My question is: is it worth trying to load and transpose 16x16 patches instead, or will I run out of xmm registers? What should my strategy be here?


Solution

  • I'd go with the interleaving approach suggested by chtz.

    Read 32 or 64 bytes (aka a full cache line) from two rows, then interleave.

    32 bytes at least, as the width of each row % 32 == 0, and preferably 64 bytes, as that is a full cache line and it would take 8 accumulators out of 16 registers.

    Also I would guess that processing the input as blocks of (8, 16, or 32 rows) by (32 or 64 columns) would be better than processing all the rows; the more rows you process, the less you need to spill the accumulators to memory, with more rows processed in non-linear order the higher the probability of evicting soon to be needed lines from cache. 4 rows should be definitively on safe side.

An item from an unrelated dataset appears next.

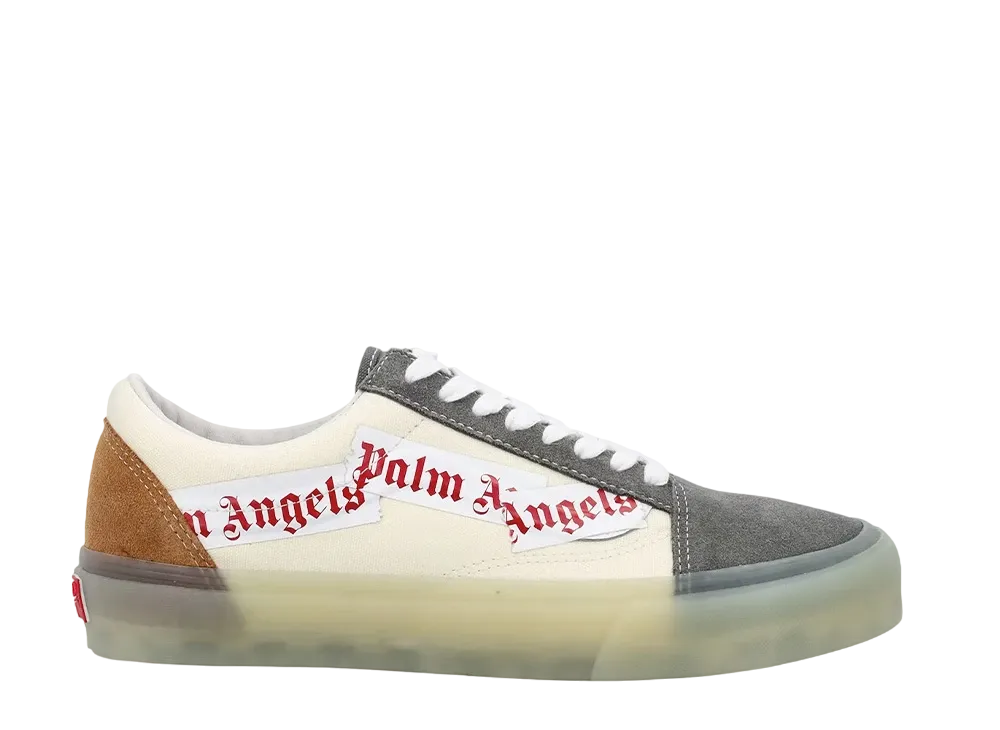 プラム エンジェル × バンズ オールドスクール VLT LX "ホワイト グレイ ベージュ"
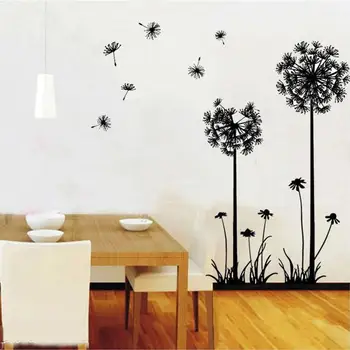 Horúce black púpava obývacia izba spálňa samolepky na stenu domácnosti ozdobu Stenu, Samolepky na stenu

    Interleaving b is quite naturally done by

    auto b0to7 = _mm_unpacklo_epi16(b,b);
    auto b8tof = _mm_unpackhi_epi16(b,b);
    auto b01 = _mm_shuffle_epi32(b0to7, 0x00);
    auto b23 = _mm_shuffle_epi32(b0to7, 0x55);
    ...
    auto bef = _mm_shuffle_epi32(b8tof, 0xff);
    

    Another possibility of splitting the input to even/odd sequences would need 4 arithmetic instructions per 16 bytes, or 8 instructions per 32 bytes:

    // common terms
    auto b_even = _mm_set1_epi16(b[j] & 0x00ff);
    auto b_odd = _mm_set1_epi16(b[j] * 256);
    // per 16 input bytes in `a`
    auto mul_even = _mm_maddubs_epi16(row_j, b_even);
    auto mul_odd = _mm_maddubs_epi16(row_j, b_odd);
    sum_even = _mm_add_epi16(sum_even, mul_even);
    sum_odd = _mm_add_epi16(mul_odd, mul_even);
    

    This is clearly not as tight as

    auto prod_lo = _mm_unpacklo_epi8(row_j, row_jplus1);
    auto prod_hi = _mm_unpackhi_epi8(row_j, row_jplus1);
    prod_lo = _mm_maddubs_epi16(prod_lo, b01);
    prod_hi = _mm_maddubs_epi16(prod_hi, b01);
    sum_lo = _mm_add_epi16(sum_lo, prod_lo);
    sum_hi = _mm_add_epi16(sum_hi, prod_hi);
    

    but the shuffles can only execute on Port5 where as 2 mul/adds can start every cycle. They are probably quite close in performance.